Dios óptimo, máximo, sabedor de que el mal no se debe vencer con el mal, sino con el Bien, resucitó a Jesús, quien a su vez venció a la muerte con su propia vida. No debía prevalecer su asesinato, no podía quedar muerto quien desde su agonía en la cruz había pedido perdón por los que le mataron porque no sabían lo que hacían. Conviene suponer que no sabían lo que hacían y se les otorga el beneficio de la duda, pero es imposible suponer que pasaron desapercibidos a la mirada escrutadora de los sumos sacerdotes, escribas y fariseos, su nacimiento del seno de una virgen, en Belén; su descendencia de David, por su filiación adoptiva con José; su coloquio con los escribas en el templo a los doce años; sus milagros que hacían a los ciegos ver, a los sordos oír y a los paralíticos caminar; las revivificaciones de Lázaro, de la hija de Jairo y del hijo de la viuda; así como su impresionante conocimiento y manejo de las sagradas escrituras.
Pero Jesús resucitó para algo más que para vencer al mal y a la muerte. Resucitó para quedarse entre sus amigos, como él mismo aseveró cuando a sus discípulos les dijo que “estaré con ustedes siempre, todos los días de su vida” y, en efecto, así ha sido.
Jesús se apareció a los suyos, resucitado, varias veces: a María Magdalena, que lloraba junto al sepulcro, y que al verlo pensó que era un jardinero; a las mujeres que habían ido a su sepultura para ungir su cuerpo, les salió al encuentro y ellas se le acercaron, se abrazaron a sus pies y se postraron ante él cuando les dijo que avisaran a los demás que fueran a Galilea y que allí le verían; a los discípulos que se les apareció con otro aspecto cuando iban caminando por el campo; a los once que estaban a la mesa cuando les reclamó su incredulidad; a los que iban hacia un pequeño pueblo llamado Emaús, que no le reconocieron al principio sino hasta que, sentados a la mesa bendijo el pan, lo partió y se los dio, y se dijeron uno al otro -¿no sentíamos arder nuestro corazón mientras nos hablaba por el camino?-; cuando se presentó en medio de todos y les mostró las manos y los pies y les pidió de comer; cuando reunidos en casa de Tomás le dijo que mirara sus manos y tocara sus heridas, que metiera la mano en su costado, que no fuera incrédulo y luego le dijo –porque me has visto, has creído, dichosos los que crean sin haber visto-; cuando estaban pescando y les pidió que arrojaran las redes a la derecha de la barca y luego comieron todos juntos; cuando preguntó a Pedro tres veces si lo quería, para cambiar sus tres negaciones por una confirmación de amor y de fe, y luego le dijo que lo siguiera.
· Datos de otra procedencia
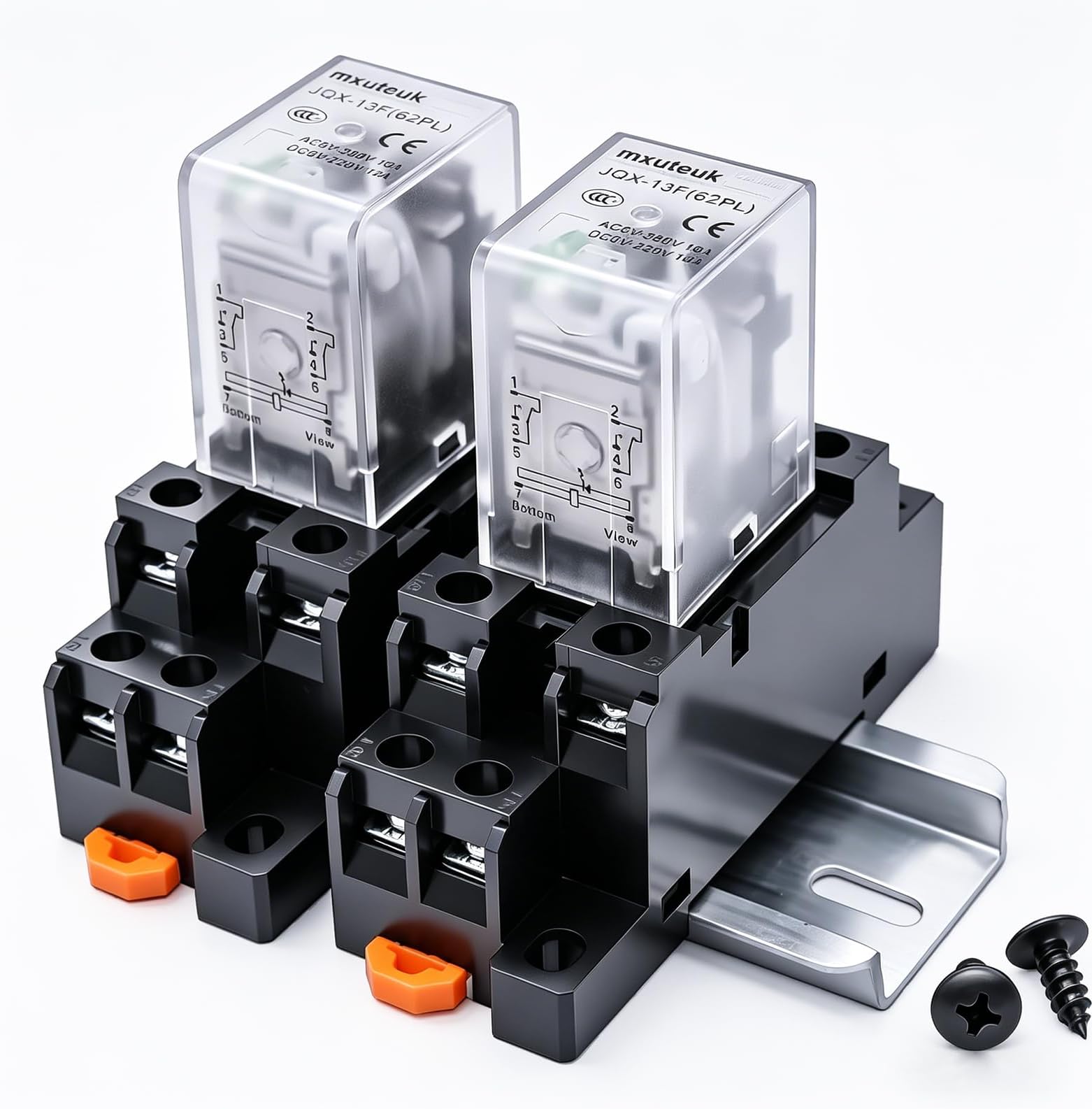 mxuteuk 2pcs JQX-13FL DC 12V Coil 8 Pin 10A DPDT LED Indicator Electromagnetic Power Relay, with Base, with DIN Rail Slotted Aluminum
De aquellas ocasiones en las que se apareció resucitado, unos pudieron reconocerlo de inmediato y otros después, hasta que su atención creció cuando les abrió los ojos y reconocieron algunos de sus gestos. Ya en la escritura antigua, de él se había profetizado que “no tenía aspecto ni presencia que pudiésemos estimar, le vimos y no le tuvimos en cuenta”. Es posible que algo similar pueda estar sucediendo hoy mismo, a dos mil años de distancia.
Si es verdad que Jesús dijo que estaría con nosotros siempre, todos los días de nuestra vida, si es cierto que esto sucede, entonces es posible que se esté perdiendo la capacidad de reconocerlo. Si aquellos que convivieron con él, que lo miraron a los ojos, que le escucharon hablar y que conocían su voz, que le siguieron y acompañaron, no pudieron reconocerle, dos mil años después no es más sencillo. Pero si María Magdalena lo vio como un jardinero y si a los dos que iban de camino hacia el campo se les apareció con otro aspecto, entonces es evidente que Jesús adquiere diversas formas de hacerse presente.
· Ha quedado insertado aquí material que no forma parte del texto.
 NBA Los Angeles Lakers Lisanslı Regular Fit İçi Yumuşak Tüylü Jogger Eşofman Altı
Todo momento es oportuno para estar pendientes de verlo pasar y reconocerlo, pero de manera particular el tiempo de Pascua, porque es cuando en forma más intensa se celebra su resurrección, su vuelta a la vida para hacer lo que tantas veces demostró: servir y no ser servido.
En Pascua es posible reconocer fácilmente a Jesús resucitado en todos aquellos que sirven. Haga la prueba y mire a los ojos a las personas que lo sirven de tan diversas maneras, luego recuerde la promesa que hizo cuando aseveró: -estaré con ustedes siempre-.